◆ To do ◆
Two lines in the data below mark the range: the one with "ISDIN Instant Flash 5 Ampoules" and the one with "Marshall - NCAA". Return both, along with every line between them, exactly.

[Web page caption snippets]

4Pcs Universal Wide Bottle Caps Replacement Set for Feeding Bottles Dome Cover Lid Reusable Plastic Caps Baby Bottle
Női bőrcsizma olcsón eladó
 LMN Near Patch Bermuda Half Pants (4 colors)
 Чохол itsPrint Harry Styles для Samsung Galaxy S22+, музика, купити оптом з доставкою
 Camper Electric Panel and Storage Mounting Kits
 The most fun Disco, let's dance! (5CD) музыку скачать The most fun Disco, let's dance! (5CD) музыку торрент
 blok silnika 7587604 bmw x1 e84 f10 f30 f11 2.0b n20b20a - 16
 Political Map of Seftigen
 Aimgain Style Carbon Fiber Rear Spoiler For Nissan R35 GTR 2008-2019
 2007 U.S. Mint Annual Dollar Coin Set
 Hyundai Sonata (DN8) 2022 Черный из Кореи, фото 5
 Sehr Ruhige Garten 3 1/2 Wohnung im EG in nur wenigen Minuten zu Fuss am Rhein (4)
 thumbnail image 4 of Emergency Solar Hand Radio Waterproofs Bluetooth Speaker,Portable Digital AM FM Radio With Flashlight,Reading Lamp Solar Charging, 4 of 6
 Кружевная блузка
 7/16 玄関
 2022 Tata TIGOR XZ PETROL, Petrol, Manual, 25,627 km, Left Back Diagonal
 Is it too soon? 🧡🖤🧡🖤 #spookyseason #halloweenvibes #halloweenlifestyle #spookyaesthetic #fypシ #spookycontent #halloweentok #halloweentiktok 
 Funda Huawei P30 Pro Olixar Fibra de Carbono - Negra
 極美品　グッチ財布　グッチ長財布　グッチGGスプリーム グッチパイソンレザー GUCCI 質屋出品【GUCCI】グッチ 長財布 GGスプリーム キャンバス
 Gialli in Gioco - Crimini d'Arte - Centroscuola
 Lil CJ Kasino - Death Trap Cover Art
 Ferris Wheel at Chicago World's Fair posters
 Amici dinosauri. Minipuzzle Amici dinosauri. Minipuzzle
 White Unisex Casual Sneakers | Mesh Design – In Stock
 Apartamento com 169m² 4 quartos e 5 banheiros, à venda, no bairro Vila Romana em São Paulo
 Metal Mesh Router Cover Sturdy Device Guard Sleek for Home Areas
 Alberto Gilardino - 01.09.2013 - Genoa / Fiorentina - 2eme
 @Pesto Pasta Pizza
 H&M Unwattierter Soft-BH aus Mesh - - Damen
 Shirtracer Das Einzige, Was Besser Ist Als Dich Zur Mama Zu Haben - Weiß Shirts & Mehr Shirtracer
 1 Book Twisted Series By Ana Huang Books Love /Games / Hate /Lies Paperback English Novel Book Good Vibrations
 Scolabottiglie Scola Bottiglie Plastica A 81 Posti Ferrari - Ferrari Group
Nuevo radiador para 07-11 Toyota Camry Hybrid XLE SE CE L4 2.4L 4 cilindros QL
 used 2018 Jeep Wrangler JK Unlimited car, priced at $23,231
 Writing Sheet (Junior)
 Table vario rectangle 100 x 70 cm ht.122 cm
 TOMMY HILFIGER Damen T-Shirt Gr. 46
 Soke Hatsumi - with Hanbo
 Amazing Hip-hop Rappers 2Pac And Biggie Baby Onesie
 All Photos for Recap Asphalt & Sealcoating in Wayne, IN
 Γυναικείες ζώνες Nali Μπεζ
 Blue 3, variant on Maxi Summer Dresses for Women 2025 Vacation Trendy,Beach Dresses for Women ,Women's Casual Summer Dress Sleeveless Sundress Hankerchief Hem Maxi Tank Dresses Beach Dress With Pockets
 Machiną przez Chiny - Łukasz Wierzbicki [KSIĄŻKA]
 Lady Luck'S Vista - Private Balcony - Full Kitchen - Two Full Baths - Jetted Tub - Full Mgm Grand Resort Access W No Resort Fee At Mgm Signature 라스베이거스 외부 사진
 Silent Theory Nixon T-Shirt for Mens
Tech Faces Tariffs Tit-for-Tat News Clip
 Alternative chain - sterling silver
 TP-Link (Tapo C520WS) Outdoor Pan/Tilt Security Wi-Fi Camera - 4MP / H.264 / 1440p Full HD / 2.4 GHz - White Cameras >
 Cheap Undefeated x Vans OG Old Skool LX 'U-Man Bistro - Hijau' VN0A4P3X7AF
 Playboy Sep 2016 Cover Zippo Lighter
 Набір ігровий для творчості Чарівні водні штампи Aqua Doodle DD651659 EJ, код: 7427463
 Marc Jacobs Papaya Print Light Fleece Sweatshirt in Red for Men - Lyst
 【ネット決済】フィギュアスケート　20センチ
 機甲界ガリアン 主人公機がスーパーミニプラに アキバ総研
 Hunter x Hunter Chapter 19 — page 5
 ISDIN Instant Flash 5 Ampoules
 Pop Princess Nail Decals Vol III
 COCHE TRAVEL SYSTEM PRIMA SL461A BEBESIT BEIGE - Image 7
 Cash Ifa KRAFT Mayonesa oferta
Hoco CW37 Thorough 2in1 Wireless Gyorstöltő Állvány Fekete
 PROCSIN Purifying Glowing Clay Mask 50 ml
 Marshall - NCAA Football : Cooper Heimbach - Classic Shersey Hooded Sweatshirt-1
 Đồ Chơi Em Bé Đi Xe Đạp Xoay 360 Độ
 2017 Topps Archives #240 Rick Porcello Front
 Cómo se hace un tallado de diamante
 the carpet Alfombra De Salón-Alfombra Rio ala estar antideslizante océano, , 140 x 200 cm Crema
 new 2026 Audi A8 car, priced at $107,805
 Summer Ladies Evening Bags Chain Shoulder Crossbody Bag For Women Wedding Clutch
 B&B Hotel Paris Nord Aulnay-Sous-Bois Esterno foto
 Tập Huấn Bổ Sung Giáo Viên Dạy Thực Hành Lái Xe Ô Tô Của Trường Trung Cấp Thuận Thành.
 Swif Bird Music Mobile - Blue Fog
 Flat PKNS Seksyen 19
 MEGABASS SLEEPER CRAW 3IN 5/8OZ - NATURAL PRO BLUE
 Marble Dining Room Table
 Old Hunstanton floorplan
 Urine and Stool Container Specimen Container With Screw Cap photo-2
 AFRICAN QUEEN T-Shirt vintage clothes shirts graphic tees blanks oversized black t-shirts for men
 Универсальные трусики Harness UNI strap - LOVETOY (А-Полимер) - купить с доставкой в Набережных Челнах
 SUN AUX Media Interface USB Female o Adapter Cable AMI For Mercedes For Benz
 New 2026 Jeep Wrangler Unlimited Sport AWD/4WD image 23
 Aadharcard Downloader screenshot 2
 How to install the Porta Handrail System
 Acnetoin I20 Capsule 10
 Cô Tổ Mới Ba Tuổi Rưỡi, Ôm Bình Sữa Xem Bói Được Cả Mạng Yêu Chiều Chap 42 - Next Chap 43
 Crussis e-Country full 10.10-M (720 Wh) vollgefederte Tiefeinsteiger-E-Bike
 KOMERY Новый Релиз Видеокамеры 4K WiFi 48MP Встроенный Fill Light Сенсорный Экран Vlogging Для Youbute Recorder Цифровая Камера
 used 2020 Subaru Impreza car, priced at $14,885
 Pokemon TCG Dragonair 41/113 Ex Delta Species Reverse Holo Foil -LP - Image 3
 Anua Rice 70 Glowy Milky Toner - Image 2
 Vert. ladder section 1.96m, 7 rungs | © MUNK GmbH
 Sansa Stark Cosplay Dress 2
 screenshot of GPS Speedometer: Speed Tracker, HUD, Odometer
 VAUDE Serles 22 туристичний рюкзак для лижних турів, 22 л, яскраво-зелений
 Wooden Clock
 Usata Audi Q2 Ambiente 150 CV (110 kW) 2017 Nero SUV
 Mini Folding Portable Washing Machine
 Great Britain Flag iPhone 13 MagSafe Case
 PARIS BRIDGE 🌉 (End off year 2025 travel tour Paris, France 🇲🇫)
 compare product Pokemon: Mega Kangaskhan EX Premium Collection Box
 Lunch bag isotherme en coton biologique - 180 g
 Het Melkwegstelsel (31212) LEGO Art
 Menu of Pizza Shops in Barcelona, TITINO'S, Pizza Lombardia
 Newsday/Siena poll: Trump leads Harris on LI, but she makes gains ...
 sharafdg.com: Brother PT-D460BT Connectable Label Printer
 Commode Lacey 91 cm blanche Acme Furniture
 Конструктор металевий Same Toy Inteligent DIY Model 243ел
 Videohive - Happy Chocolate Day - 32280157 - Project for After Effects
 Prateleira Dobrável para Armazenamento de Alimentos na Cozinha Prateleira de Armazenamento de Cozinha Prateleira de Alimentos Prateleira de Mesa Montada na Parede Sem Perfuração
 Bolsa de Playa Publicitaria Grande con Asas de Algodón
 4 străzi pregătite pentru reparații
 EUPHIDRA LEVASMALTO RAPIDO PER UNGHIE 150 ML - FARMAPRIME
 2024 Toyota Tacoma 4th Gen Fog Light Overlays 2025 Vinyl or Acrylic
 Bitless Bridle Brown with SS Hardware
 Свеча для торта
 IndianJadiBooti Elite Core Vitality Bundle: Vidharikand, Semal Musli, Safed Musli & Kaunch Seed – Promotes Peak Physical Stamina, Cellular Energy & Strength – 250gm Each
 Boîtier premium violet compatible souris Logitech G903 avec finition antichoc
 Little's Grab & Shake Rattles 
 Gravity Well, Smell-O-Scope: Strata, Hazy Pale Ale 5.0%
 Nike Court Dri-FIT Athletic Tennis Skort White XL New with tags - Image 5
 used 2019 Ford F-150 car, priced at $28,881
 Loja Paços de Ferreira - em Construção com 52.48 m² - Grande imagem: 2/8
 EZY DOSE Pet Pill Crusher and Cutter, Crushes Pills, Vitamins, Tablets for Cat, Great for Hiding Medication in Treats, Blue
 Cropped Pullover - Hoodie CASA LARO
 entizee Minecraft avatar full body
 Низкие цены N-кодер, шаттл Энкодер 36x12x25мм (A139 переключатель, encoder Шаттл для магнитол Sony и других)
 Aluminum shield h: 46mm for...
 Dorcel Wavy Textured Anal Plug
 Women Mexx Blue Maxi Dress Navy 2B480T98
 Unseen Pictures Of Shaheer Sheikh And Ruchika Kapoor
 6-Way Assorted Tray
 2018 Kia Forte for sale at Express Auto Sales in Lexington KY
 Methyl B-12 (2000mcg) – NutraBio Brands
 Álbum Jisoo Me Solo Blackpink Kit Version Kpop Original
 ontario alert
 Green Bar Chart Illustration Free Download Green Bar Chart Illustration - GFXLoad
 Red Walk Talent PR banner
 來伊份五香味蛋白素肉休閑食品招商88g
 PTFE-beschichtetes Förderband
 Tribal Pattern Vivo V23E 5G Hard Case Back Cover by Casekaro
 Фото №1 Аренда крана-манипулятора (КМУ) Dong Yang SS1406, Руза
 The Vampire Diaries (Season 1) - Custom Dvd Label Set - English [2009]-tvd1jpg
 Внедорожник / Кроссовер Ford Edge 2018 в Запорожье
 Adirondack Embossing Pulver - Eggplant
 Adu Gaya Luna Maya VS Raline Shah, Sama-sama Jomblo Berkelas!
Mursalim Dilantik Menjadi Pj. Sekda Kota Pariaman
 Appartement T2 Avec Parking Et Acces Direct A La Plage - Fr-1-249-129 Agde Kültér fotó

◆ Expected answer ◆
 ISDIN Instant Flash 5 Ampoules
 Pop Princess Nail Decals Vol III
 COCHE TRAVEL SYSTEM PRIMA SL461A BEBESIT BEIGE - Image 7
 Cash Ifa KRAFT Mayonesa oferta
Hoco CW37 Thorough 2in1 Wireless Gyorstöltő Állvány Fekete
 PROCSIN Purifying Glowing Clay Mask 50 ml
 Marshall - NCAA Football : Cooper Heimbach - Classic Shersey Hooded Sweatshirt-1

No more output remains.